We don’t like to pre-announce things that aren’t ready for public consumption. It’s no secret that we’d love to offer hosted Raspberry Pis in the data centre, and in our view the blocker for this being possible is the unreliability of SD cards which require physical attention when they fail. So we’ve provided some assistance to Gordon to help with getting netboot working for the Raspberry Pi. We built a sensible looking netboot setup and spent a fair amount of time debugging and reading packets to try and help work out why the netboot was occasionally stopping.
This isn’t yet a production service and you can’t buy a hosted Raspberry Pi server.
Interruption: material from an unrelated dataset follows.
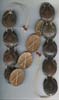 Single Row Coconut Cover Horn Beaded Belt - click here for large view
Yet. But if you’d be interested, we’d love to hear from you at firstname.lastname@example.org.
This is a standard Raspberry Pi 3 with a Power over Ethernet (PoE) adapter. You have to boot the Pi once from a magic SD card which enables netboot. Then you remove the SD card and plug it in to the powered network port. PoE means we can power cycle it using the managed switch. At boot, it talks to a standard tftpd server and isc-dhcp-server, this then delivers the kernel which runs from an NFS root. It’s a minimal Raspbian Jessie from debootstrap plus sshd and occupies a mere 381M versus the 1.3G for a standard Raspbian install. The switch is reporting the Pi 3 consuming 2W.
The Raspberry Pi topple is just for fun.